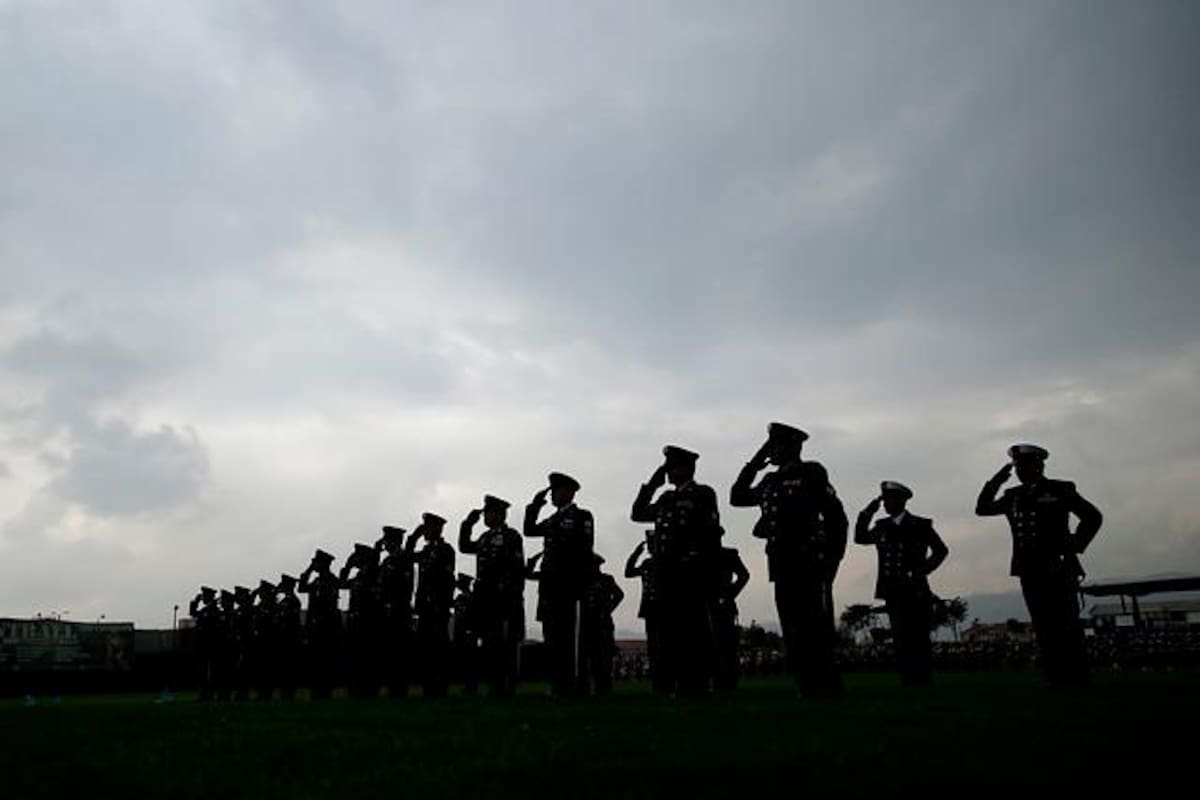 Corrupción en el Ejército: los líos jurídicos de 8 oficiales retirados de las filas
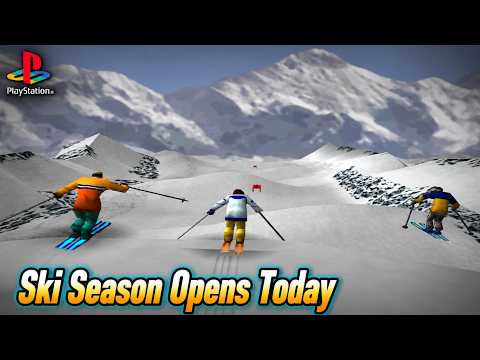 Scène de jeu de NOeL: La Neige Special sur PS One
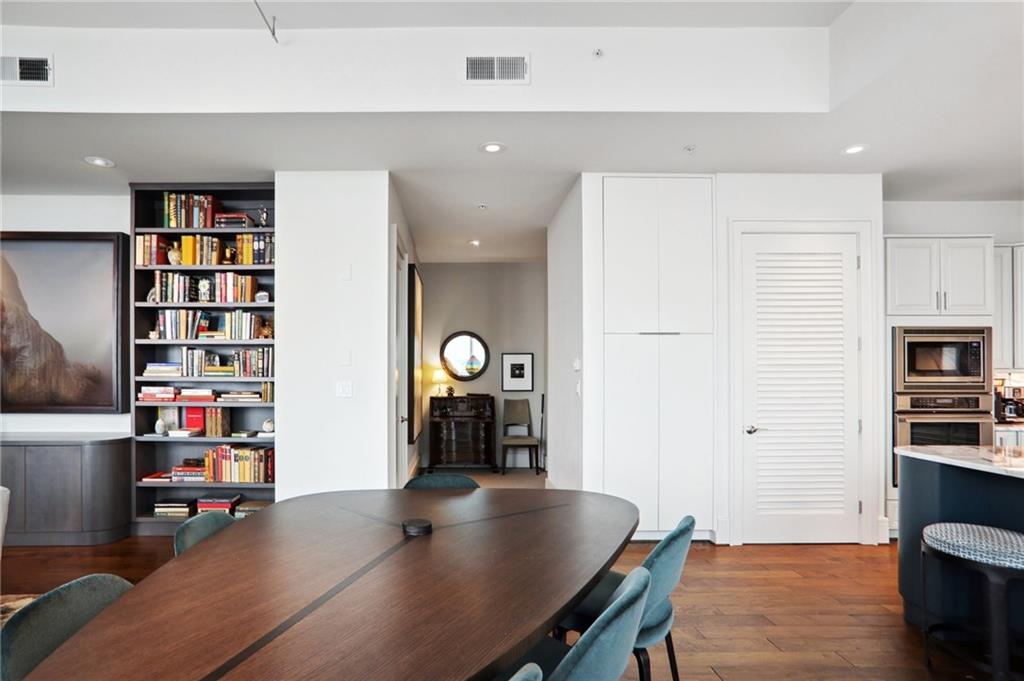 1065 Peachtree St #3005 Atlanta, GA 30309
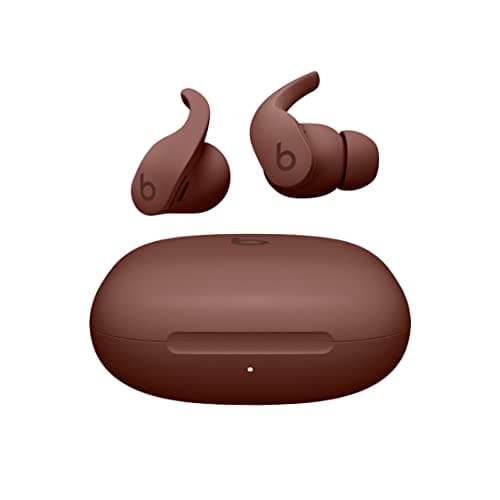 Beats Fit Pro - True Wireless Noise Cancelling Earbuds - Apple H1 Headphone Chip, Compatible with Apple & Android, Class 1 Bluetooth, Built-in Microphone, 6 Hours of Listening Time - Earth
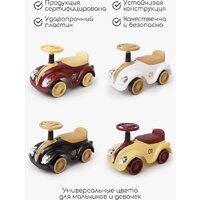 Amarobaby Retro AB24-7RT/0038 (белый/бежевый) Image #9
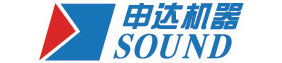 sound machine - logo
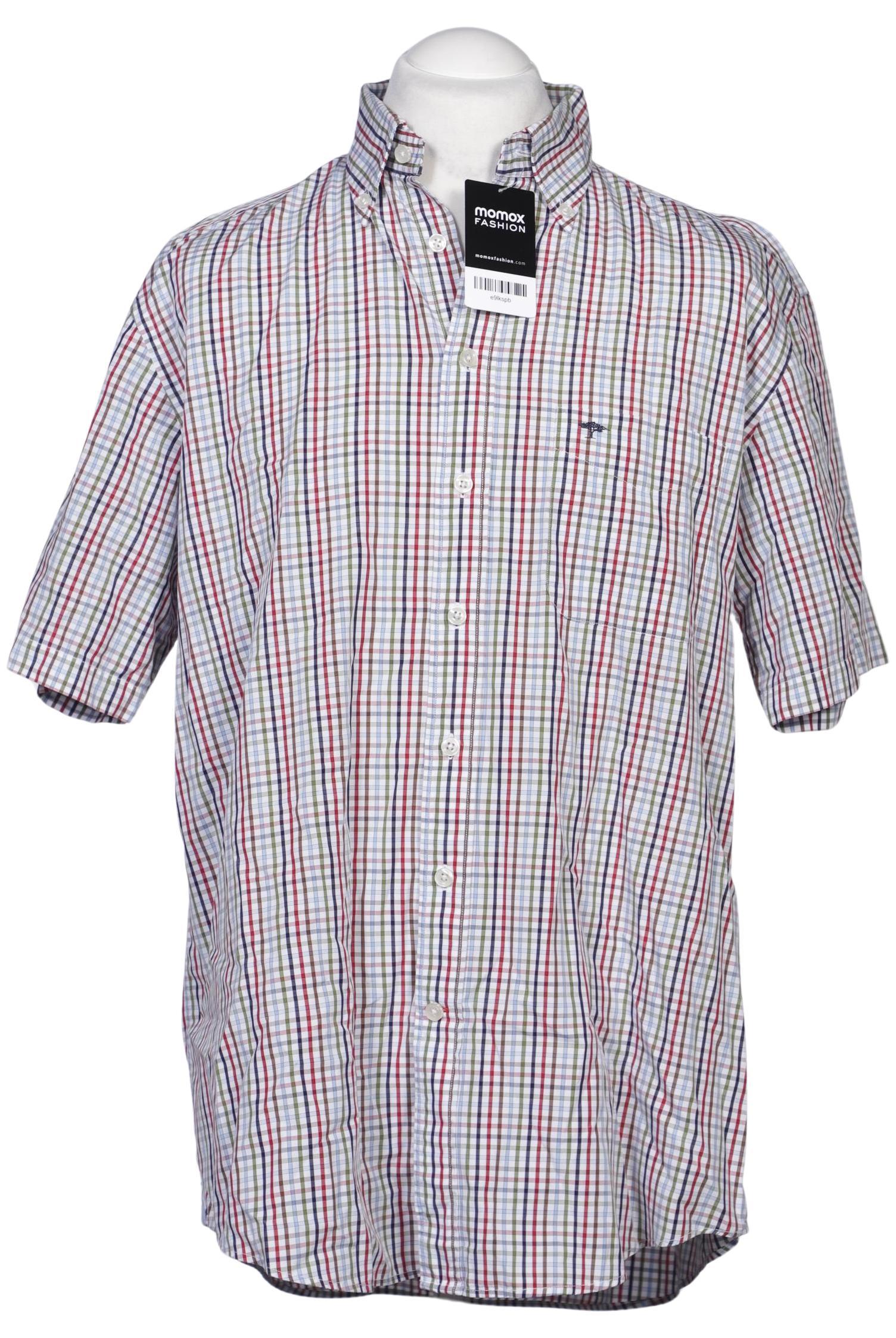 

Fynch Hatton Herren Hemd, mehrfarbig, Gr. 54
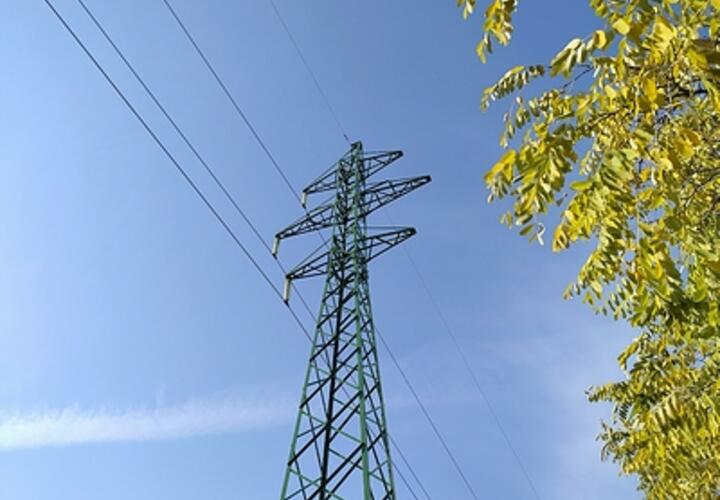 23 июля 12 улиц Краснодара останутся без электричества на весь день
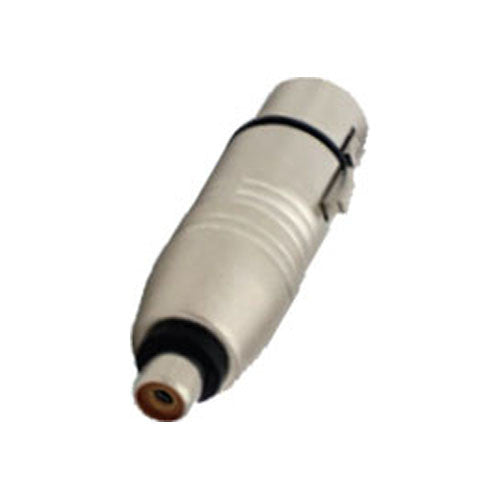 Earthworks ADP2 - XLR to RCA Connector Adapter for M30BX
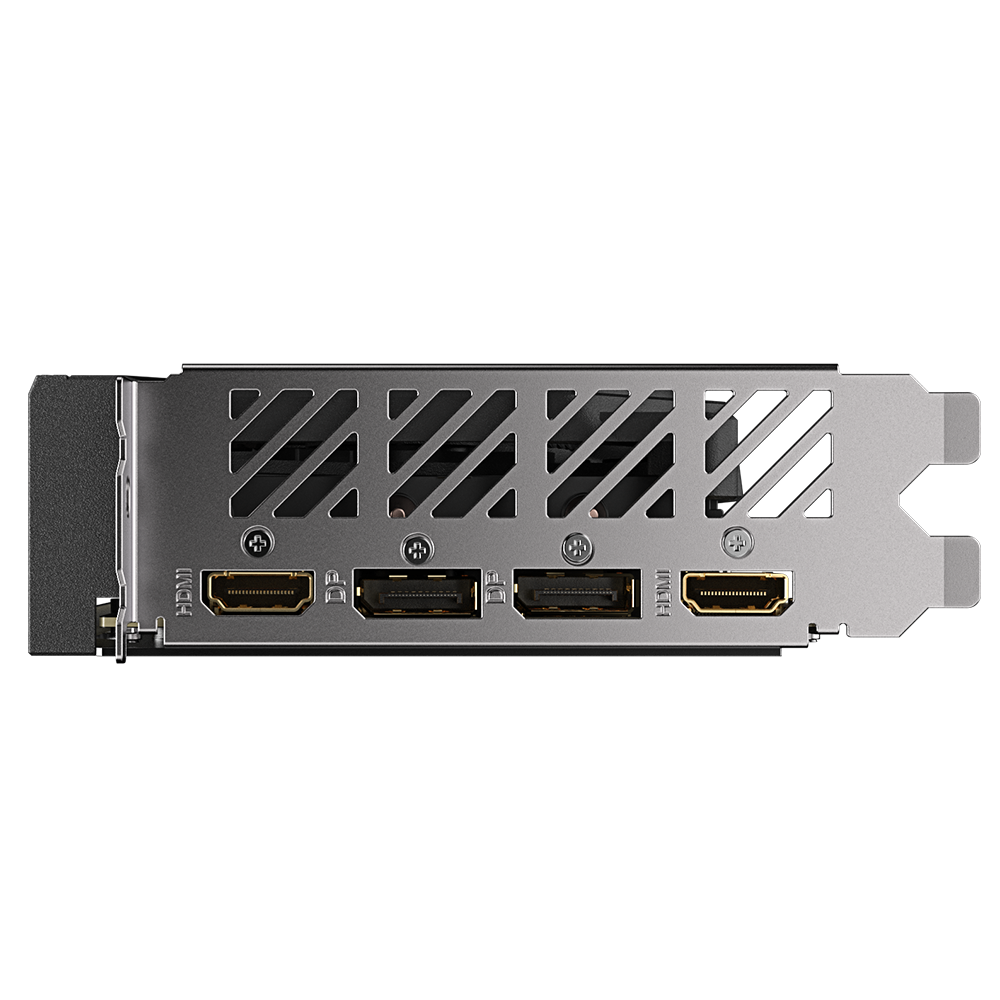 PLACI VIDEO Gigabyte GeForce RTX 4060 Ti WINDFORCE OC 16GB 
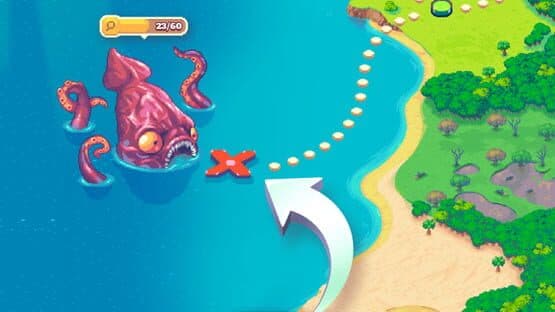 Tinker Island 2 — screenshot 1
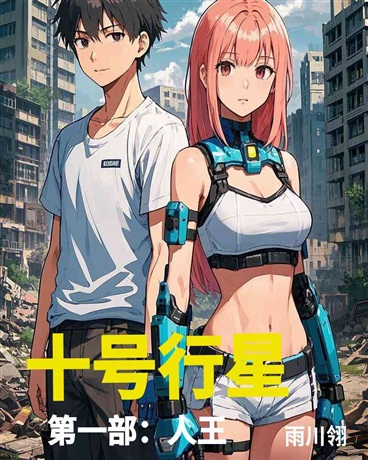 十号行星：人王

_About this exercise:_ From the line containing "1065 Peachtree St #3005 Atlanta, GA 30309" through the line containing "Fynch Hatton Herren Hemd, mehrfarbig, Gr. 54", copy every line above exactly, without pictures.

_Answer box:_
 1065 Peachtree St #3005 Atlanta, GA 30309
 Beats Fit Pro - True Wireless Noise Cancelling Earbuds - Apple H1 Headphone Chip, Compatible with Apple & Android, Class 1 Bluetooth, Built-in Microphone, 6 Hours of Listening Time - Earth
 Amarobaby Retro AB24-7RT/0038 (белый/бежевый) Image #9
 sound machine - logo

Fynch Hatton Herren Hemd, mehrfarbig, Gr. 54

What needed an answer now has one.